A cette question est-il décent de répondre aujourd'hui ? En tant que critique ou amateur d'art, non. L'artiste est encore jeune et son oeuvre doit parvenir à maturation... Mais en tant que "consommateur" d'un marché que les institutions saturent peu à peu avec des fourchettes d'artistes restreintes, oui.
Monté au pinacle, Kapoor peut-il prétendre à une production graphique digne de ses sculptures dans lesquelles la beauté des matériaux employés contrebalance avec bonheur les formes subtilement colorées s'en dégageant ? Sans doute pas, et les nombreux dessins exposés, très mal accrochés d'ailleurs (aucun nom ne vient désigner le responsable de ce massacre...), n'auraient dû, pour les deux tiers au minimum, jamais quitté le cartable de l'artiste.
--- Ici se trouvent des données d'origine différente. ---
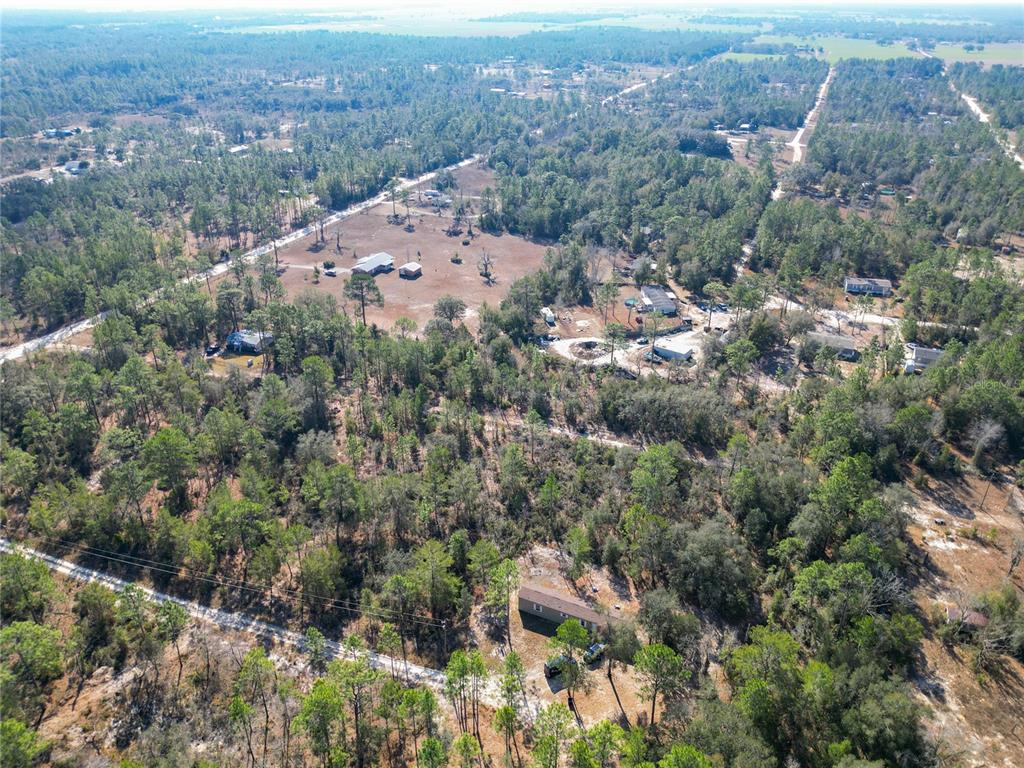 Tbd Northeast 58th Street Bronson, FL 32621 - Photo 8 of 22 an aerial view of house with yard and mountain view in back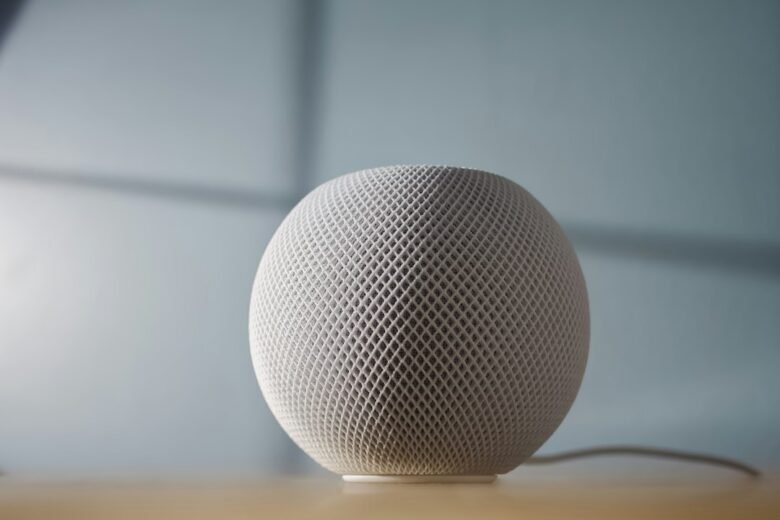 White Apple HomePod mini smart speaker on a tabletop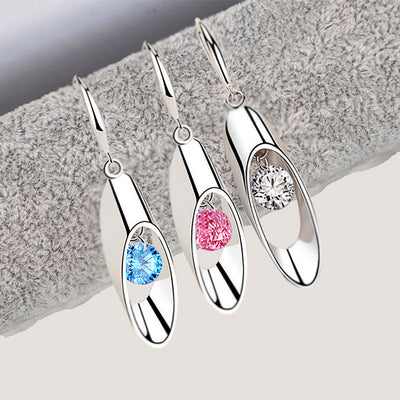 Front view of oval openwork drop earrings with three crystal colors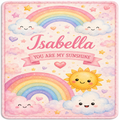 A personalized baby blanket or rug featuring a cute pastel design with two rainbows, smiling clouds, a sun, hearts, stars, and the name 'Isabella' with the phrase 'YOU ARE MY SUNSHINE' on a pink background.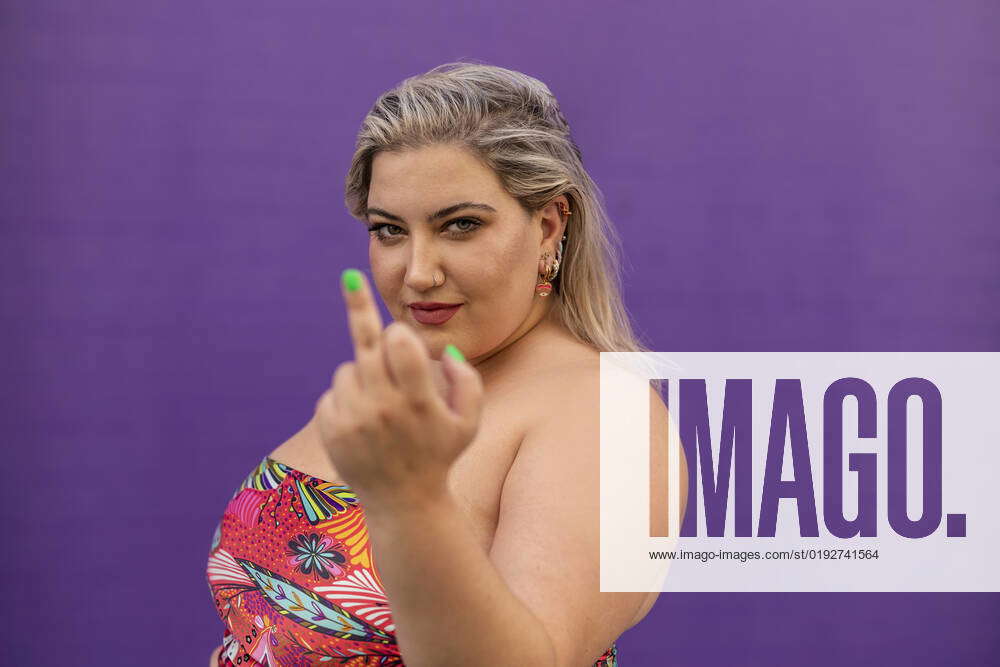 Obcene Images Young woman doing obscene gesture in front of purple wall model ...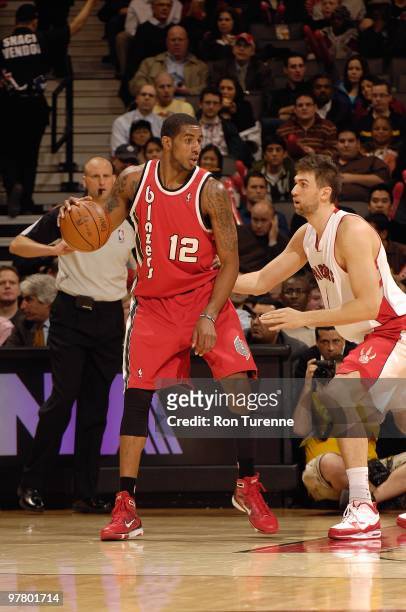 LaMarcus Aldridge of the Portland Trail Blazers handles the ball against Andrea Bargnani of the Toronto Raptors during the game on February 24, 2010...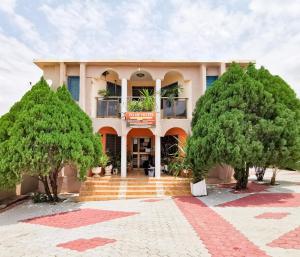 a building with trees in front of it at To Be Hotel in Kumasi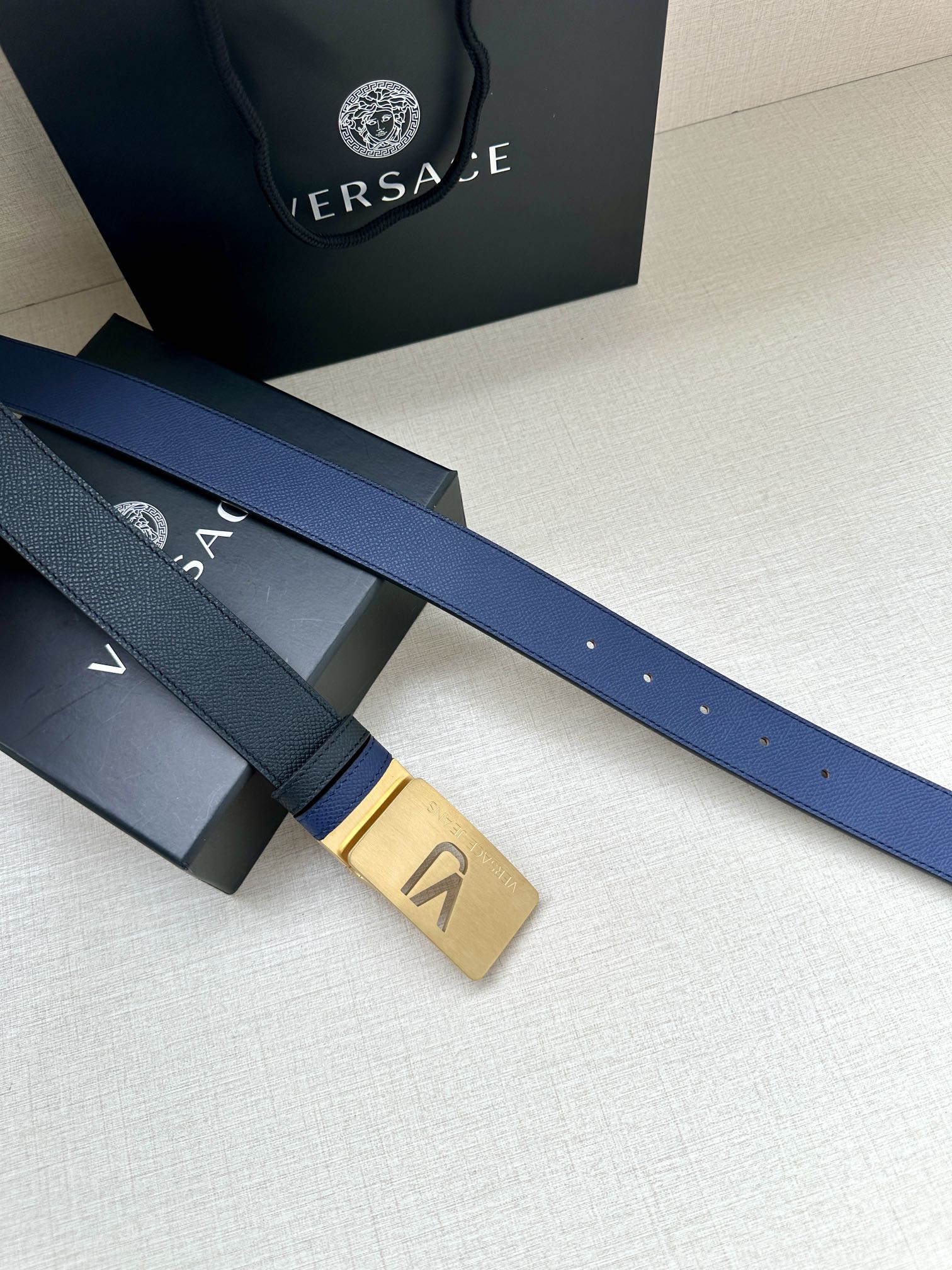 Versace blue leather belt with gold rectangular buckle and hole detail, close-up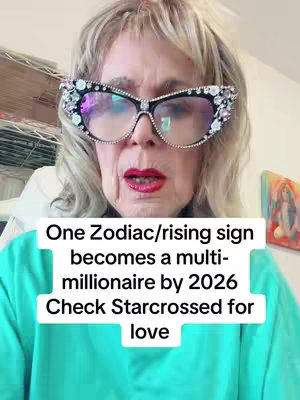 The cover image showcases a person with a close-up shot from the chest up. The background is filled with an indoor setting, with a glimpse of shelves and furniture on the left and a framed picture on the right side of the screen. The person has light-colored hair, red lips and is wearing large bejeweled glasses. The person is facing forward with their mouth slightly open. The overlay text is on a rectangular shape, which has a mint green background.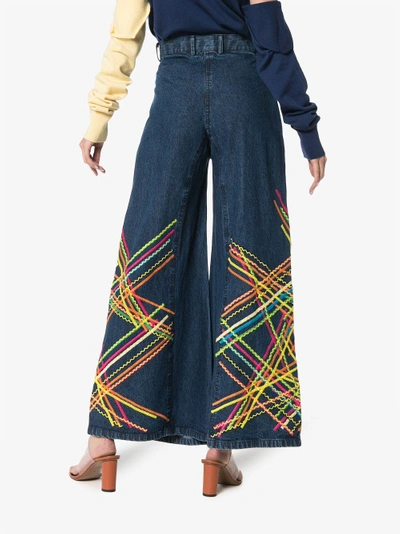 Shop All Things Mochi Brianna Embroidered Flared Jeans In Blue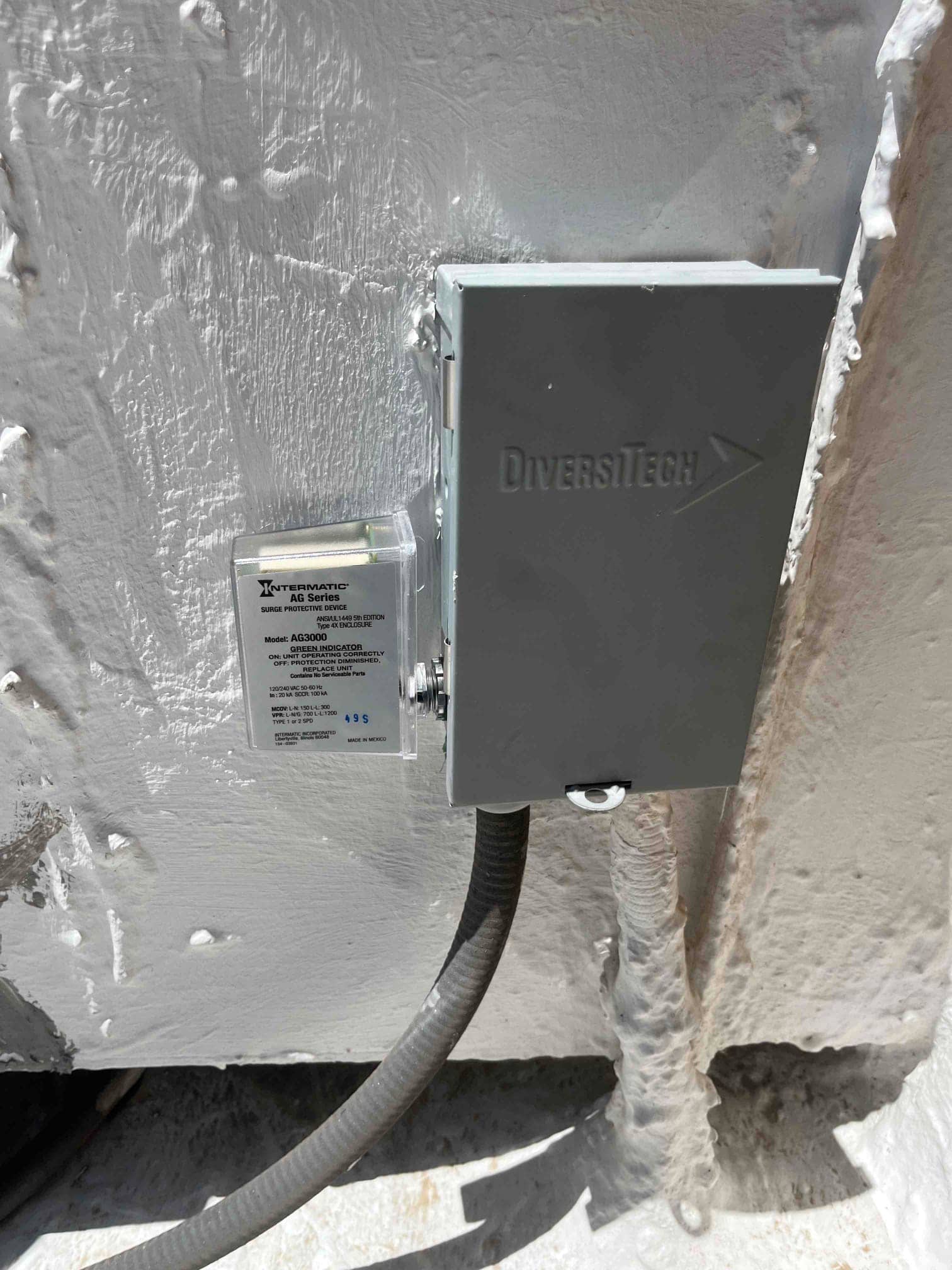 Surge protector installed next to the outdoor disconnect, with flexible conduit entering the weatherproof enclosure.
Jeu de matières sur le papier, formes organiques, éclatements stellaires, montagnes scindées, cercles lunaires sont un vocabulaire symbolique cher à l'artiste et déjà fortement imprégné de ces pigmentations poudreuses caractérisant les sculptures, apparaissent au fil des dessins, mais l'intérêt reste inégal.
La qualité irrégulière de cette exposition peut à juste titre exaspérer le visiteur, d'autant plus que ce dernier attend une sélection rigoureuse, prête à servir une oeuvre se voulant grandiose. On annonce aujourd'hui les dessins d'Anish Kapoor comme une part de son travail soudain révélée à nos yeux ébahis et longtemps obscurcis par la production ombrageuse des pièces monumentales, c'est là que le bât blesse. Pourquoi les présenter, ne pas attendre ou sélectionner davantage ces dessins ?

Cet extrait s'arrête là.